Когда она возникла в дверях, я вскочила на ноги. Позже, вспоминая этот день вместе с Анной Андреевной, я уверяла ее, что встали все. Она усмехнулась: "Этого не было. Это вам померещилось". Не знаю. Может быть, и померещилось. Видела-то я только ее.

Ни лебединой шеи, ни челки, ни ломаных линий - ничего из ахматовского, по портретам знакомого облика. И все же эта высокая, полная, седая женщина, мед-{320}ленно ступившая на веранду, медленно, без улыбки, отчетливо произнесшая: "Здравствуйте!", любезно и величаво наклонившая голову в ответ на призывы нервно суетившейся Серафимы Ивановны ("Сюда, сюда прошу вас!"), могла быть только Ахматовой. Она села. Веранда, только что гудевшая оживленными голосами, затихла, замерла.

С тех пор так и пошло. Наши оживленные застольнме беседы замолкали с ее появлением. Никто не решался болтать при ней все, что приходило в голову: "Люди часто не слышат, что они говорят!" - сказала мне позже Анна Андреевна. В ее присутствии люди начинали себя слышать - так она действовала на окружающих. И не в том было дело, что они знали ее стихи, ее жизнь. Присутствие Ахматовой сковывало и тех, кто ничего о ней не знал. В ее молчаливости, в посадке головы, в выражении лица, во всем облике было нечто, внушавшее каждому почтение и даже - робость.
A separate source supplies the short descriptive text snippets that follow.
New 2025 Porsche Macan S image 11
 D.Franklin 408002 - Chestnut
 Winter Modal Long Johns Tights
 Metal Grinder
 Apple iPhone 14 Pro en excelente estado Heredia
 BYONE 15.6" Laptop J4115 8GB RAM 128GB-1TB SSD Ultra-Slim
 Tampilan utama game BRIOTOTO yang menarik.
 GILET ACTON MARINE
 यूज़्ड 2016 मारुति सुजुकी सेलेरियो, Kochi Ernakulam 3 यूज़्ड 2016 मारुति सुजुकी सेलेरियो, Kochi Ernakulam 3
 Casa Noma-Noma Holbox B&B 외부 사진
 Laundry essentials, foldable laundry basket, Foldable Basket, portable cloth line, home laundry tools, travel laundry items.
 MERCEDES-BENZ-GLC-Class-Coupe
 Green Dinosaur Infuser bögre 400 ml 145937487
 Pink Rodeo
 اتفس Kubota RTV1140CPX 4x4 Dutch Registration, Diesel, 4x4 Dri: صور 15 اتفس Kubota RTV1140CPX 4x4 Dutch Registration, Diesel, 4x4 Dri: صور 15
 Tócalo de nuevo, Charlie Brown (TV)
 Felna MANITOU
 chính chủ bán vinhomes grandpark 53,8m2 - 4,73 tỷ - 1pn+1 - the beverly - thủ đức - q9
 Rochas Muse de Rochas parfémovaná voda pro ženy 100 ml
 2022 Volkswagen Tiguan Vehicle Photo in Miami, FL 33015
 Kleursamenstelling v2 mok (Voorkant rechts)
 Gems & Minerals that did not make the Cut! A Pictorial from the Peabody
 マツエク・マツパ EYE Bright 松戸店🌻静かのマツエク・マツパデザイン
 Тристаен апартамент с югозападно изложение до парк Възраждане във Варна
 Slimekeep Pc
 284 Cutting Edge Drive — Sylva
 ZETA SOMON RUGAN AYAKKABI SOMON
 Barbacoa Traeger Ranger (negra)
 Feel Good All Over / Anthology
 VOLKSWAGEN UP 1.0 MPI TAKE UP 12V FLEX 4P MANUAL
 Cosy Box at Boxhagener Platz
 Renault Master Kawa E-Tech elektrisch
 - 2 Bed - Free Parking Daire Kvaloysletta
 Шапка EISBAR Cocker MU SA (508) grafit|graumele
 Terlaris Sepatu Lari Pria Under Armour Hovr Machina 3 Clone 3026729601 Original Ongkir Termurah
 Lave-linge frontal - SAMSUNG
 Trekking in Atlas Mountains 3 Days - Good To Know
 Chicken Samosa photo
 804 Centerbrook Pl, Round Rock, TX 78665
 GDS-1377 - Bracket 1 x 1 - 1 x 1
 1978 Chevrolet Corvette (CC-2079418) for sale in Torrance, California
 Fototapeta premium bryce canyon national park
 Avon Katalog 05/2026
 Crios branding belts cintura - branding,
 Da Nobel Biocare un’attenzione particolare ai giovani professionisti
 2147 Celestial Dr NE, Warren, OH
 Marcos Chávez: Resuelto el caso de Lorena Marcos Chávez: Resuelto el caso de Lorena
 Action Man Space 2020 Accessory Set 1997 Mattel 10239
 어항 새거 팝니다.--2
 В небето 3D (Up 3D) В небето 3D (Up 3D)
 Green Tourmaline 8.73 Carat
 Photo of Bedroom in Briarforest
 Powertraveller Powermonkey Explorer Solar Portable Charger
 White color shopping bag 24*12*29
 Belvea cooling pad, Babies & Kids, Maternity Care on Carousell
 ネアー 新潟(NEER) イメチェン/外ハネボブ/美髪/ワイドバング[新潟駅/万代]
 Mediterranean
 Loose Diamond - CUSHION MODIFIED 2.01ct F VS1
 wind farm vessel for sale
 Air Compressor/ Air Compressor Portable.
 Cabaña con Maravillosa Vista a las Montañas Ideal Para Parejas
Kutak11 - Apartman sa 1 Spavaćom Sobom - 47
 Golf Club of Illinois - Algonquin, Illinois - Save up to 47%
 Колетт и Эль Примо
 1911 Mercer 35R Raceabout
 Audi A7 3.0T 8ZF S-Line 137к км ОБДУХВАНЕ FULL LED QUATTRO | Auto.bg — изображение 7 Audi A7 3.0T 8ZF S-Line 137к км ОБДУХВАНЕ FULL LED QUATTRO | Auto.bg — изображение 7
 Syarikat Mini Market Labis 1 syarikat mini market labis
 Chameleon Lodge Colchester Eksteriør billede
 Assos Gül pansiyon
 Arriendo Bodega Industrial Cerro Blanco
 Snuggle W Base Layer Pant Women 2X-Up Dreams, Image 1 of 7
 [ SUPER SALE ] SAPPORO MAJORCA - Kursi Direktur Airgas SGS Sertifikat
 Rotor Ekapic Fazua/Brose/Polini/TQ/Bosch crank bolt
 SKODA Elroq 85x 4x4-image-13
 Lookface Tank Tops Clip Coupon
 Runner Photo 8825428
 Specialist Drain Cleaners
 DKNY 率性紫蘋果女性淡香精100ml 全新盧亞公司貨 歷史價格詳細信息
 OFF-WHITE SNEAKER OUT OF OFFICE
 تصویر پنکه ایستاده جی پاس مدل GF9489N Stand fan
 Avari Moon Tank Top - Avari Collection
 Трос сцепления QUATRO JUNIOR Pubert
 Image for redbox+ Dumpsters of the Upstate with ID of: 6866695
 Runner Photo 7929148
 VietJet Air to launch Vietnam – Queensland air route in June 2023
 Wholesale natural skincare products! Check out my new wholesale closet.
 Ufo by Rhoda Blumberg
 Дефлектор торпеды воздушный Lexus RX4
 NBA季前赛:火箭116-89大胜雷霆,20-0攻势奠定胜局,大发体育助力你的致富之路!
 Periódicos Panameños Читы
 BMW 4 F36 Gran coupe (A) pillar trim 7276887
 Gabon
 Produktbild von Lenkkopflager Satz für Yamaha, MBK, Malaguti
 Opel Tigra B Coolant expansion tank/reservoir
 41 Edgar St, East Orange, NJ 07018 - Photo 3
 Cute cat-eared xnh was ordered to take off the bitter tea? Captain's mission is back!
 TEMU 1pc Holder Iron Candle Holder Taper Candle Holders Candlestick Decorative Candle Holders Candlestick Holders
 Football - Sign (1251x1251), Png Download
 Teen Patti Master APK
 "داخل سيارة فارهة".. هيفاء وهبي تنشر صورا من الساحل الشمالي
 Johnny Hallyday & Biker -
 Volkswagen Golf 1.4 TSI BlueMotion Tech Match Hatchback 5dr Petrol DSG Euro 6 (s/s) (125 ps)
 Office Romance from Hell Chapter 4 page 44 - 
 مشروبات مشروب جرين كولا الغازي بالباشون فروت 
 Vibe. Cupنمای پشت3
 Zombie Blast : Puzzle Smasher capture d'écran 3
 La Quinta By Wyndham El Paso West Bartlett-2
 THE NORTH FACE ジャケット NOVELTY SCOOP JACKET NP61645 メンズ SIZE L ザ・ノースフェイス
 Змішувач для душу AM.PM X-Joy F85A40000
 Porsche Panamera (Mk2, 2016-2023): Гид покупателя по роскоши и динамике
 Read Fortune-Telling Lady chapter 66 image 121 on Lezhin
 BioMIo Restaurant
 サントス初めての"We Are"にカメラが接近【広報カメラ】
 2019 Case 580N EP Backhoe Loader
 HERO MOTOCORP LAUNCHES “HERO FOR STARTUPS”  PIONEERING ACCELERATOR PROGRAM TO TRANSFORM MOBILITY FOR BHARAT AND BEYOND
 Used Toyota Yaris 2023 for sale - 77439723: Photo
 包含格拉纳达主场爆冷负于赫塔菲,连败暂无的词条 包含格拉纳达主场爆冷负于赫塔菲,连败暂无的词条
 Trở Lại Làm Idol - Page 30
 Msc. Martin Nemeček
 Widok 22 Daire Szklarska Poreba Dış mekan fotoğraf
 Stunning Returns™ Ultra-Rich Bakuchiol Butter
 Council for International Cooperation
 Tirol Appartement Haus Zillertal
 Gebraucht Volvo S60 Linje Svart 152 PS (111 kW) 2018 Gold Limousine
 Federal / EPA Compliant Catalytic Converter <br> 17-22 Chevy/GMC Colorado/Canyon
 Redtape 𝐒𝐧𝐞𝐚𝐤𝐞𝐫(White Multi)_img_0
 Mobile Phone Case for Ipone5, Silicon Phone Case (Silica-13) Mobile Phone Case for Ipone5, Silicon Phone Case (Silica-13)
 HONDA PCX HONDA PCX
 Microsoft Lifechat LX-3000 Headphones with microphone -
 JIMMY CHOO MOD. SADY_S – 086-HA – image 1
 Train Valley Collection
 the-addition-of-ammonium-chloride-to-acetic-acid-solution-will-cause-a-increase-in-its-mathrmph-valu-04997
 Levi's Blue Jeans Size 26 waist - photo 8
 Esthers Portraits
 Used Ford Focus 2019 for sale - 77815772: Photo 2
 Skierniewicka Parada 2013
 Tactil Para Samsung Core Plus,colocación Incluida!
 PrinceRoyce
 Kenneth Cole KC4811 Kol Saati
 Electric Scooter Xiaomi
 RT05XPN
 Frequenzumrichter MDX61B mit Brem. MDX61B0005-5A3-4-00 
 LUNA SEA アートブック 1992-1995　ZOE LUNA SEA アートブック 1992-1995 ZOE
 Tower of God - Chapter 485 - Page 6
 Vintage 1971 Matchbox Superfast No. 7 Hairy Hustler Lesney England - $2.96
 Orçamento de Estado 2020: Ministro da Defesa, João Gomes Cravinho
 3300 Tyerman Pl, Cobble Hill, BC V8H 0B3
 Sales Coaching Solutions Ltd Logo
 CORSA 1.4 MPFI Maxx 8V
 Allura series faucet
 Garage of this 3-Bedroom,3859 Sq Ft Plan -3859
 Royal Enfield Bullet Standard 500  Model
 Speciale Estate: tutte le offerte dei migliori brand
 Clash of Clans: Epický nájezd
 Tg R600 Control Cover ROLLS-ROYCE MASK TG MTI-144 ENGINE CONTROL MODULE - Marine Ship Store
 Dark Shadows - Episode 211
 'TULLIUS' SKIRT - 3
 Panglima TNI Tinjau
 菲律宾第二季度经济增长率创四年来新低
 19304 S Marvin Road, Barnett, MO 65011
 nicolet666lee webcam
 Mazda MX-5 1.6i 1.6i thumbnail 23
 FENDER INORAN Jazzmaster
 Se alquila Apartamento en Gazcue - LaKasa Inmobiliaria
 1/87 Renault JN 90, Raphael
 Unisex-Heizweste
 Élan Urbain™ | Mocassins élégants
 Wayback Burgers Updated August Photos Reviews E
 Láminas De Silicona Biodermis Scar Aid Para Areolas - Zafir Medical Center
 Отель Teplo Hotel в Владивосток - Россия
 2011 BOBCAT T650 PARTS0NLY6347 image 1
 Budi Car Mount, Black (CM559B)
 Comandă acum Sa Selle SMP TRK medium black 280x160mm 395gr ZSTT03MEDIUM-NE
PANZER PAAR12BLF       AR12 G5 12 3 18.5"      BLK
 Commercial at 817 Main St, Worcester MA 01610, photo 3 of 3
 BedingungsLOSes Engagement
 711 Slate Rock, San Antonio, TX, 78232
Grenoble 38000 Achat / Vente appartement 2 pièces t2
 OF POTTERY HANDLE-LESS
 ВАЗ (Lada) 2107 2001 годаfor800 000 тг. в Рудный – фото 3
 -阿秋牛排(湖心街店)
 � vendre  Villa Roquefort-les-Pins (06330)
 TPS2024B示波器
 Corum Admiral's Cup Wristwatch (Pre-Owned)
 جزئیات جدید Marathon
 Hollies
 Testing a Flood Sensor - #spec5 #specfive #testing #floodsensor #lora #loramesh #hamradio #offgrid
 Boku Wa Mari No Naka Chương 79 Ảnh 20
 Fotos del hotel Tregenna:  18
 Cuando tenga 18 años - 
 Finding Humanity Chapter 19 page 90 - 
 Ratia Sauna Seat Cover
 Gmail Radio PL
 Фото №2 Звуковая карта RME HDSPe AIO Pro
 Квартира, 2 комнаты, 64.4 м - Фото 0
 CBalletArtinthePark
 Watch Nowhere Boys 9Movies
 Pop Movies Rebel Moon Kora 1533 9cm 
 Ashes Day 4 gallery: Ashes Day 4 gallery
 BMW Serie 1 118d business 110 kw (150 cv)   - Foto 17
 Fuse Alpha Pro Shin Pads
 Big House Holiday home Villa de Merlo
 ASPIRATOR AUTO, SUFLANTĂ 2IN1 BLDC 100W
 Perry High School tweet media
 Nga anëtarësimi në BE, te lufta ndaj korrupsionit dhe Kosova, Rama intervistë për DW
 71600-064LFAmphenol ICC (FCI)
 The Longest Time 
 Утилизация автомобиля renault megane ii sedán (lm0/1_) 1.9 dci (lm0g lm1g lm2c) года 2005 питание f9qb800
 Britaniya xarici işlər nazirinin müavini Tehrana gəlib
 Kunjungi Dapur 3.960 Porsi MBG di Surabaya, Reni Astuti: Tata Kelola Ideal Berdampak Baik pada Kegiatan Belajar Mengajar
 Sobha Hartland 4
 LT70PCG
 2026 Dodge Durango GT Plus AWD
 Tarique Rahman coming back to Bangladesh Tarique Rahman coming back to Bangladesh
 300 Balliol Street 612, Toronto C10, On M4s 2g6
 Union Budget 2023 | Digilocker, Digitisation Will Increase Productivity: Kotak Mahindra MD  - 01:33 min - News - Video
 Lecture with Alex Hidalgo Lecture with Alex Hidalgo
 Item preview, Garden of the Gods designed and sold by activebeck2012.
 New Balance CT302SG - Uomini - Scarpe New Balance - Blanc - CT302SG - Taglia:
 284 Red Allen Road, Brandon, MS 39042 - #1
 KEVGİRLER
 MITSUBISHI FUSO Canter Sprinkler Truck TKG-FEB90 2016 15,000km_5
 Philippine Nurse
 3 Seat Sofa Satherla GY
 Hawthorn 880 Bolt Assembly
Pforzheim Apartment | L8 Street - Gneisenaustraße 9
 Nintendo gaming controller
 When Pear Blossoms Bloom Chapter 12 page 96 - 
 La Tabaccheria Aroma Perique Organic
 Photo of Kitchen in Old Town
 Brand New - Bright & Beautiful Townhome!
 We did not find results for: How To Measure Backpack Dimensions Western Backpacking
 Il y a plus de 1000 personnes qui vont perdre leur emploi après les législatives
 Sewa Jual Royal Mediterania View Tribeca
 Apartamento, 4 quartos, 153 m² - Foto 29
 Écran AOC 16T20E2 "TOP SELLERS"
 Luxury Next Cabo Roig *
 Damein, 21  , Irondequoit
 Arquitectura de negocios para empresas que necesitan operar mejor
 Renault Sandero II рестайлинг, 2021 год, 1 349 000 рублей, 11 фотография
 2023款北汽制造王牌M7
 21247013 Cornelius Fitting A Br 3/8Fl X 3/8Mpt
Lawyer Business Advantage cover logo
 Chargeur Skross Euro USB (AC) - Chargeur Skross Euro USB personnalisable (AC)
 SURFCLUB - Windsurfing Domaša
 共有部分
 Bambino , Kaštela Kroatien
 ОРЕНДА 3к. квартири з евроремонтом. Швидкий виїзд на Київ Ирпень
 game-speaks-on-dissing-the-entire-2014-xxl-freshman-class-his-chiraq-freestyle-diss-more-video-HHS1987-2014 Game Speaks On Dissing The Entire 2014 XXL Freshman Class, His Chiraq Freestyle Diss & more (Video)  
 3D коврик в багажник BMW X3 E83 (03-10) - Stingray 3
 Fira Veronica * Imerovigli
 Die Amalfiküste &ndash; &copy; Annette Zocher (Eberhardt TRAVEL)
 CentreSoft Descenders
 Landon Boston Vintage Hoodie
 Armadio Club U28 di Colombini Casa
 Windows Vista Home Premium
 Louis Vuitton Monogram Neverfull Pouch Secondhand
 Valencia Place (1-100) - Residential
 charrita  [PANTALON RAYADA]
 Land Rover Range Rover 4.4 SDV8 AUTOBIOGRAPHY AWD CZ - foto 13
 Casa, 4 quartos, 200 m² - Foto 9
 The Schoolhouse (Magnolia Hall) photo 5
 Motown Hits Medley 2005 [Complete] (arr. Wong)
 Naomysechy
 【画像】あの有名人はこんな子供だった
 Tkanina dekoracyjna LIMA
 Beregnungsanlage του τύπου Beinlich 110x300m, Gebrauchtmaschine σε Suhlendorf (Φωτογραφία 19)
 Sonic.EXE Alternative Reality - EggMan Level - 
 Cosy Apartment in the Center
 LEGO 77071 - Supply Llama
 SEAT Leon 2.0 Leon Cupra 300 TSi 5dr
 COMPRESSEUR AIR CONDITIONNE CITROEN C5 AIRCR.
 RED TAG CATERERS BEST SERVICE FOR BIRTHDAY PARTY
Через несколько дней я застала Ахматову за столом у самовара в одиночестве. К чаю являлись не все, а Нина Антоновна утром уехала в Москву. Чаепитие наше прошло в совершенном молчании. Ахматова встала. И тут я внезапно, сама своей смелости удивившись, спросила: не хочет ли она погулять?

Иду с ней рядом по тогда еще не мощенным голицынским улицам (она опирается на мою руку) и все украдкой поглядываю на ее знаменитый горбоносый профиль. Профиль не изменился.

Молчит. За ее молчанием напряженности не ощущалось, она умела молчать. Но я-то не умела. Казалось, надо непременно говорить о чем-то, о чем? Не о том же, что я с детства знаю ее стихи, все знают с детства, это она тысячи раз слышала, это ей неинтересно. Но что интересно?